Anko terheran-heran melihat koban karena mata uang ini sudah tidak digunakan. "Ini emas asli." Aku berusaha meyakinkannya.

"Hmm... Coba ceritakan detilnya."

"Tidak bisa. Ini pertarungan rahasia."

"Hontou ni? Bagaimana kalau kau menjelaskannya sambil makan malam. Ayo! Aku sudah lapar, mengantuk, dan lelah... dan--"

"Tidak ada waktu lagi!"

Ekspresi Anko jadi seram. Sudah kuduga. Tapi aku tidak bisa berlama-lama di sini. Ada perbedaan waktu antara di dunia Anko dan di citadel. Satu menit di sini, mungkin tiga puluh menit di sana. Aruji akan...

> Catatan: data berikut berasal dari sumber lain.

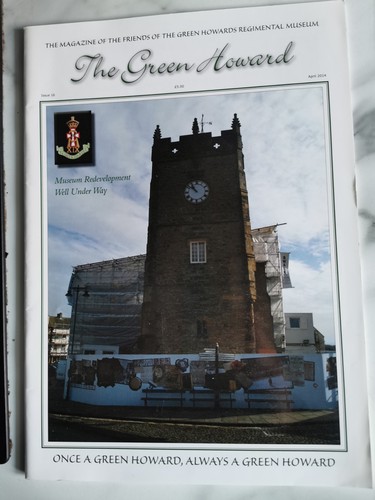 The green howard regiment - the,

"Gomen... Ini akan terasa sakit."

Aku menyentuh dahi Anko dengan telunjuk. Lonceng di leherku berbunyi. Semakin keras. Aku berkonsentrasi menyatukan pikiranku dengan Anko yang panik. Wajar... Aku sedang menarik kesadarannya... Aku menggandakannya...

Aku menarik kesadaran Anko melewati lorong panjang tak berujung yang penuh dengan cahaya...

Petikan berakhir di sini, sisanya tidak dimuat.